What is needed. With all pictures omitted, return verbatim the lines from the beginning of the records below through the line containing "Chaturbate Sex Cam of juanmechanic".

________________

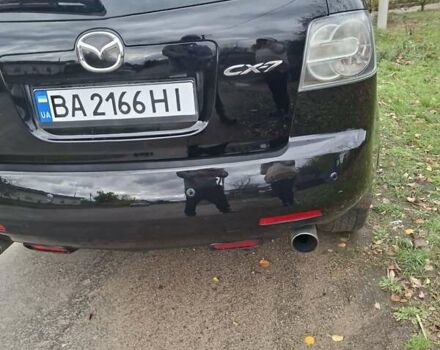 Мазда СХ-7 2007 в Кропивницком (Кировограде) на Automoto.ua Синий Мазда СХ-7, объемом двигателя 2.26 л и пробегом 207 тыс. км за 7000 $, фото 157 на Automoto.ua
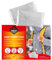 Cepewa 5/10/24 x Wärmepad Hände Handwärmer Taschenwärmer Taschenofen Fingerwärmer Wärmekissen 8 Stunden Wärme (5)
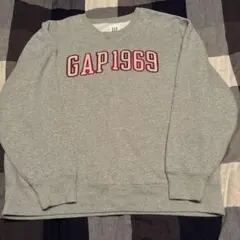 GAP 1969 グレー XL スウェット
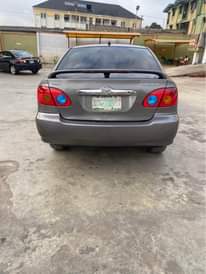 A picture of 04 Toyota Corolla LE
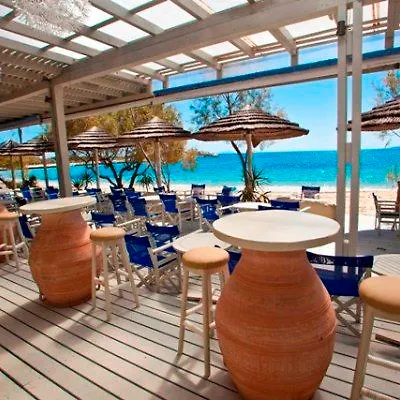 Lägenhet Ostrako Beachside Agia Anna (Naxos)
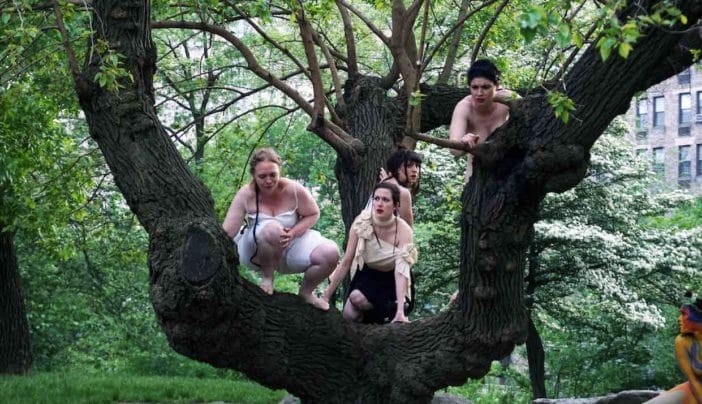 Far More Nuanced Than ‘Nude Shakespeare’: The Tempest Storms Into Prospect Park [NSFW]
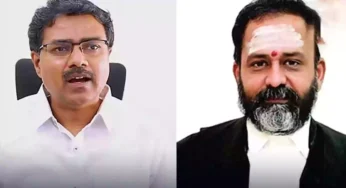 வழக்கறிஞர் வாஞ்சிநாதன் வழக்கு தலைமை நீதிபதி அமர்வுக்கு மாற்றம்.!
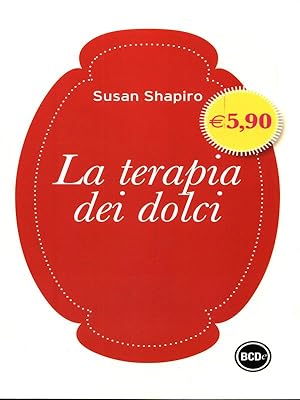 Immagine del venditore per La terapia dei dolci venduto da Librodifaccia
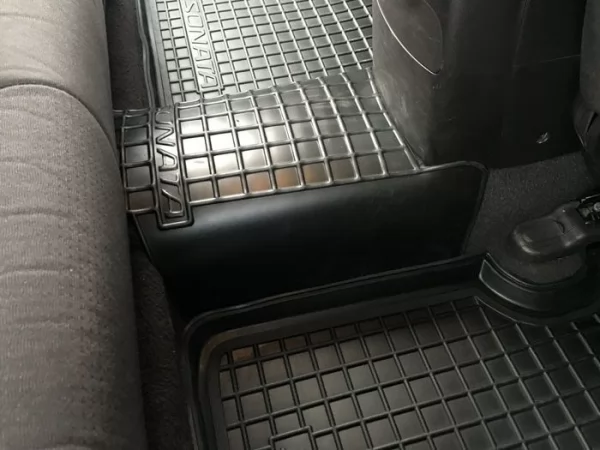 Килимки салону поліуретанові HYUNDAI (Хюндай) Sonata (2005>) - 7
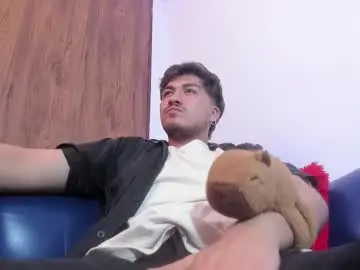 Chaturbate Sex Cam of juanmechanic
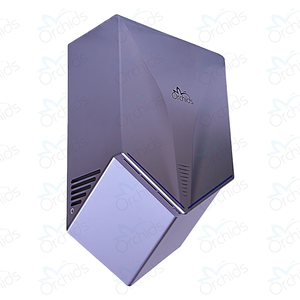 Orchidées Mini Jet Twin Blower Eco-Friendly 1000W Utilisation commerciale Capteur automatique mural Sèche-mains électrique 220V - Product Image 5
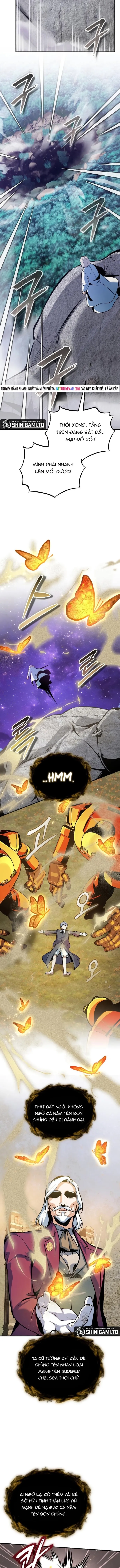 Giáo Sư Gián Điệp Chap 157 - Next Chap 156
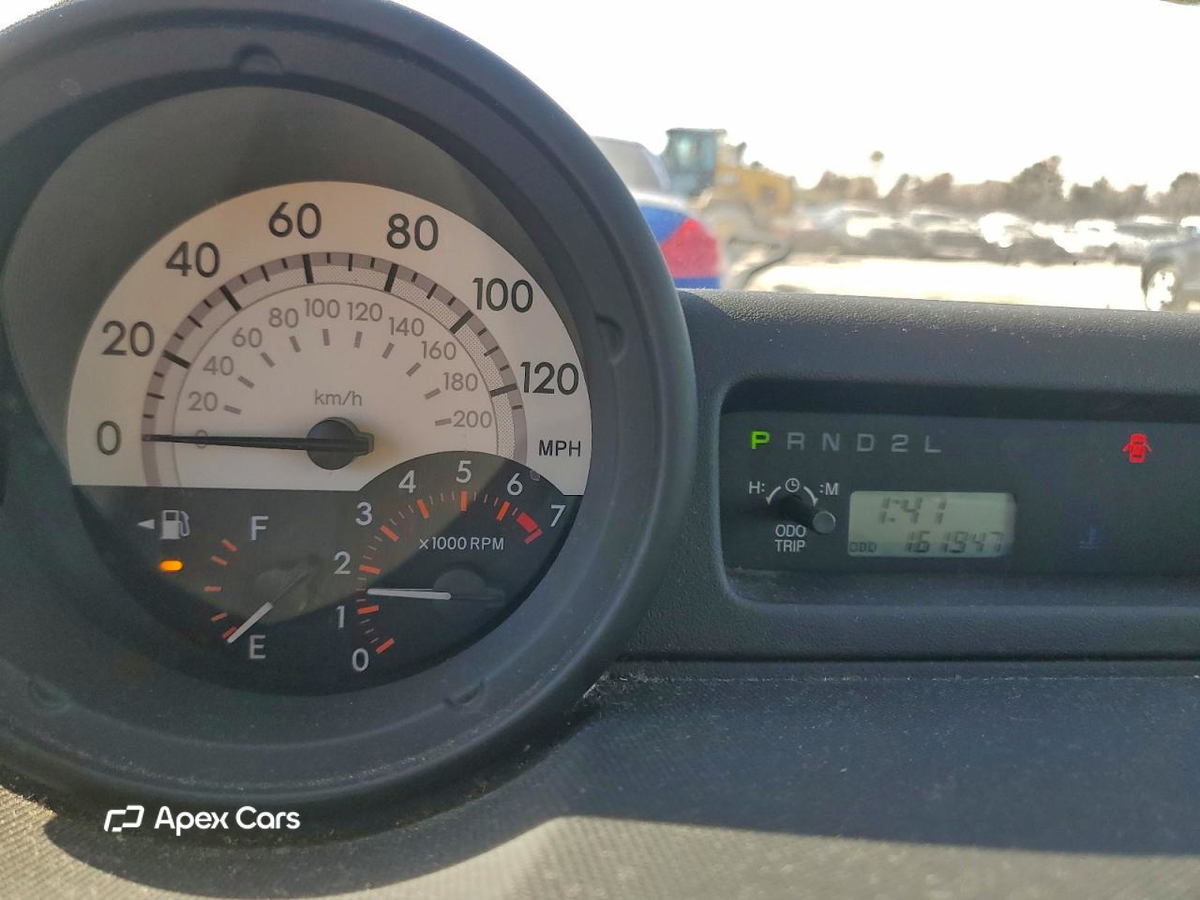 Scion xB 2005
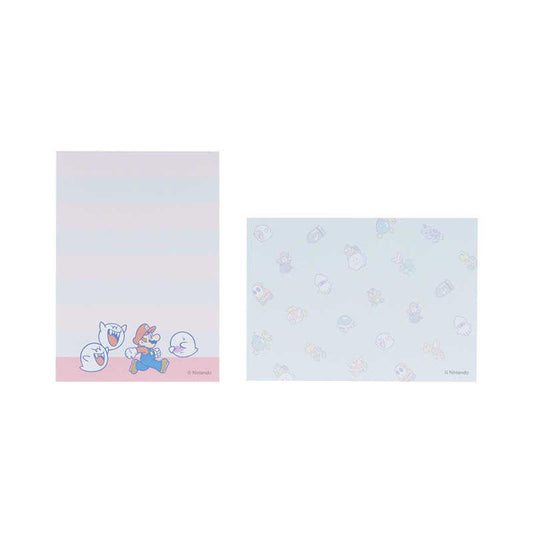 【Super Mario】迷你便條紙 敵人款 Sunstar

________________

Solution.
 Мазда СХ-7 2007 в Кропивницком (Кировограде) на Automoto.ua Синий Мазда СХ-7, объемом двигателя 2.26 л и пробегом 207 тыс. км за 7000 $, фото 157 на Automoto.ua
 Cepewa 5/10/24 x Wärmepad Hände Handwärmer Taschenwärmer Taschenofen Fingerwärmer Wärmekissen 8 Stunden Wärme (5)
 GAP 1969 グレー XL スウェット
 A picture of 04 Toyota Corolla LE
 Lägenhet Ostrako Beachside Agia Anna (Naxos)
 Far More Nuanced Than ‘Nude Shakespeare’: The Tempest Storms Into Prospect Park [NSFW]
 வழக்கறிஞர் வாஞ்சிநாதன் வழக்கு தலைமை நீதிபதி அமர்வுக்கு மாற்றம்.!
 Immagine del venditore per La terapia dei dolci venduto da Librodifaccia
 Килимки салону поліуретанові HYUNDAI (Хюндай) Sonata (2005>) - 7
 Chaturbate Sex Cam of juanmechanic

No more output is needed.